С данной точки зрения интересен роман «Ступни третьеклашки», отпочковавшийся от грандиозной (по уровню безумия) эпопеи Вцеплений.  Сюжет незатейлив. Мальчик вожделеет интенсивных движений ступней своей одноклассницы, их звуки, конфигурации, скорости. Девочка ему, как водится в утрированной жанровой прозе, презрительно отказывает. Дома школьница и ее мама запутываются брючными ремнями и какими-то объектами нечеловеческой физиологии. Дамы проводят так весь день. Истошно орут, пытаясь выбраться. Готовят в таком виде, ходят в туалет. Лишь к вечеру чудом им удается освободиться, чтобы сразу приступить к истерическому ритуалу вцеплений. И почти полностью они пропадают из истории. Зато — как в волшебном сублимационном сновидении — мальчик забывает строптивицу и с необыкновенной легкостью тут же реализует свое желание с другой одноклассницей, странно покорной, согласной на самые дикие предложения («Мне так нравятся твои фантазии, Дима»). Помимо разных манипуляций со ступнями своей новой игрушки, мальчик пытается в духе Пруста (странный выворот знаменитого эпизода с печеньем «Мадлен») ее проассоциировать с пищей. Много времени уделяется поиску еды, которая по вкусовым качествам подходит к внешности этой девочки. В эпилоге дети вырастают, женятся. Невеста продолжает с удовольствием беспрекословно выполнять его желания. Бесконечная гармония. Собственно, в этом философская утопическая модель Савельева. Жизнь может быть и такой.

 

* * *

Интенции его прозы напрямую идут вразрез с установившимся сегодня мнением, что хорошая литература обязательно должна быть «некомфортной». Проблемной, ершистой. Должна выбивать читателя из якобы «удобного» пространства его привычного мира. Вопрос в том, что ведь, в сущности, читателю априори некомфортно. Жить в трехмерном пространстве вообще трудно. Так почему автор должен бить бедного читателя палкой по голове, вместо того чтобы сделать приятное (если не читателю, то хотя бы собственным героям)?
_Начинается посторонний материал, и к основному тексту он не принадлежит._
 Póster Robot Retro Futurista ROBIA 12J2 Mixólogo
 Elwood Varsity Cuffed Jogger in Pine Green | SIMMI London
В современной словесности, коли взглянуть с этой точки зрения, царит эпоха мазохизма. Мейнстримная премиальная литература реализует чувства недовольства, раздражения. Языковой авангард, в свою очередь, пронизан депрессивностью и шаманским заговариванием некоей несуществующей травмы. Ощущение комфорта негласно табуировано. «Некомфортный текст», говорит критик, как бы намекая, что вот — перед нами нечто «настоящее». Прозаик, по бессознательному ощущению большинства, должен страдать, и герои должны страдать. Иначе как-то несерьезно. Не зря сегодня популярна литература травмы. Поэтому читатель испытывает тот самый катарсис при встрече с персонажами Савельева: для них нет социальных проблем, нет преград между желанием и действительностью. Катарсис сновиденческой свободы, сновиденческой легкости. Но исключительно в отношении персонажных взаимодействий.

 

* * *

Вследствие навязчивого стремления к серьезности, давно и прочно в загоне у нас находится юмор. Тот самый вселенский, раблезианский, о каком говорил Бахтин. Литераторы в лучшем случае позволяют себе скромные подхихикивания. Или холодную злую иронию, перетекающую в сарказм. Юмористы — трагические персонажи (вспомним недавний прошумевший русский фильм на эту тему). Евгений Петросян давно сделался символом какой-то червоточины, таящейся в смехе. Тексты Савельева, пронизанные барочным космическим юмором а ля Хармс или Лукомников, возвращают автору право нести полную хрень и хохотать или даже сатанински громыхать хохотом и не бояться, что за это поругают некие надзирательные инстанции.

 

* * *

В его книгах живет свобода. Не та «свобода», какую нам, литераторам и обывателям, позволяет уютное равнодушие консервативного общественного мнения. А подлинная. Свобода быть самими собой. Напрашивается сравнение с Пьером Гийота, но, думается, телесность у Савельева более плотная, чем даже у французского анфан террибля. Реализовать подобную прозу нашему автору, как личности социально дезадаптированной, гораздо труднее, чем французу или тому же Сорокину (тот в молодости из литсалонов не вылезал). Поэтому автору приходится существовать в анонимном, полулегальном, невидимом пространстве. И ждать чуда.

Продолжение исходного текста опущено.